Wossitz, 30 avril 1812

J'ai reçu ta lettre du 2 avril. Il ne m'a pas été possible de te donner plus souvent de mes nouvelles. La marche des troupes et le déplacement du grand quartier général ont interrompu pendant des mois entiers le service des postes. Nous n'avons maintenant qu'une seule direction par corps d'armée ; nos vaguemestres sont en conséquence forcés de faire trente ou quarante lieues pour aller porter leurs lettres. On n'envoie plus à la poste que tous les quinze jours. Le service militaire se fait par estafettes.
Ainsi que tu l'as fort bien présumé, nous n'avons pas fait un long séjour à Stralsund. Tout notre corps d'armée s'est mis en mouvement le 29 mars dernier, pour se porter sur la Vistule. La division Friant, dont mon régiment fait partie, occupe actuellement Dantzig et ses environs. La garnison de Dantzig se compose de plus de 20.000 hommes de toutes armes. Jamais nous n'avions été si serrés. Nous sommes, par exemple, 340 hommes à Wossitz, mauvais village qui ne contient en tout que neuf maisons. Je loge avec 60 de mes carabiniers.
Notre corps d'armée, qui s'appelle maintenant 1er corps de la Grande Armée, se compose de sept divisions d'infanterie et d'une division de cavalerie, formant en tout plus de 90.000 hommes. C'est toujours le prince d'Eckmülh qui nous commande. Nous occupons toute la ligne de la Vistule depuis Dantzig jusqu'à Thorn, et de là jusqu'à Posen. Nous avons devant nous les troupes polonaises, et à Koenigsberg les troupes prussiennes qui bordent la Pregel.

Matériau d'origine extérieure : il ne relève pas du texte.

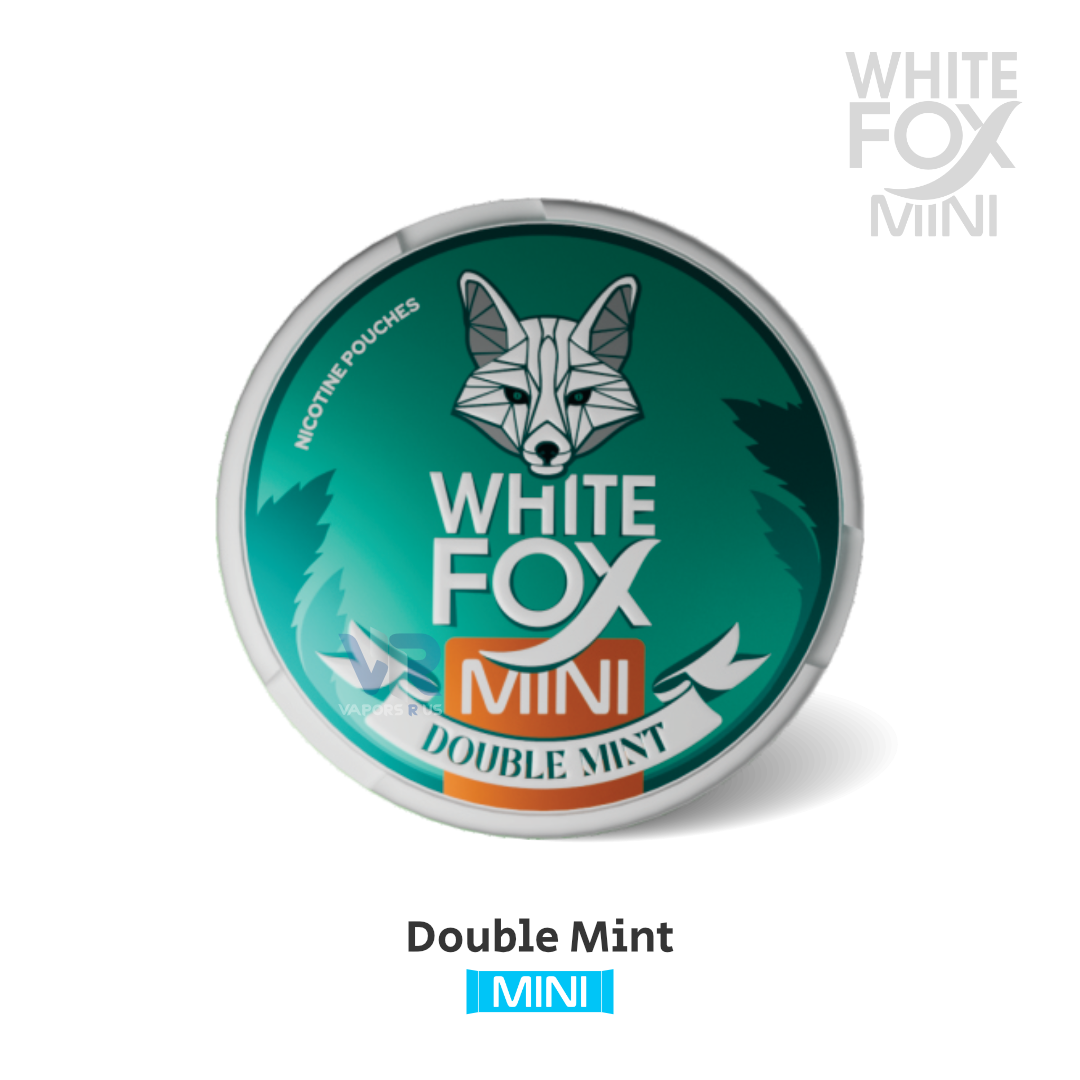 WHITE FOX MINI Snus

Le 2è corps d'armée, commandé par le brave maréchal Oudinot, est cantonné derrière l'Oder, et est également très fort. Si la campagne s'ouvre bientôt, ainsi que nous le désirons tous, nous donnerons certainement de la tablature aux Russes.

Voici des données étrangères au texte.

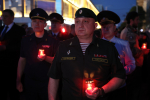 Вениамин Кондратьев почтил память погибших в Великой Отечественной войне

Voilà tout ce que je puis te dire de nouveau, ce que tu savais déjà sans doute mieux que moi. Vous autres, bourgeois, qui avez toujours les gazettes à la main, vous connaissez bien mieux que nous la situation des armées. Nous sommes même trop heureux quand vous ne vous faites pas battre une fois ou deux fois par semaine, ou, ce qui est cent fois pis, faire une quinzaine de lieues par jour !
Je te donnerai de mes nouvelles aussi souvent que je le pourrai. Quant à toi, mon ami, qui peux tous les jours faire ton courrier fort à ton aise, ne manque pas de m'écrire très exactement. Parle-moi surtout bien amplement de l'intérieur de ta maison, etc., etc.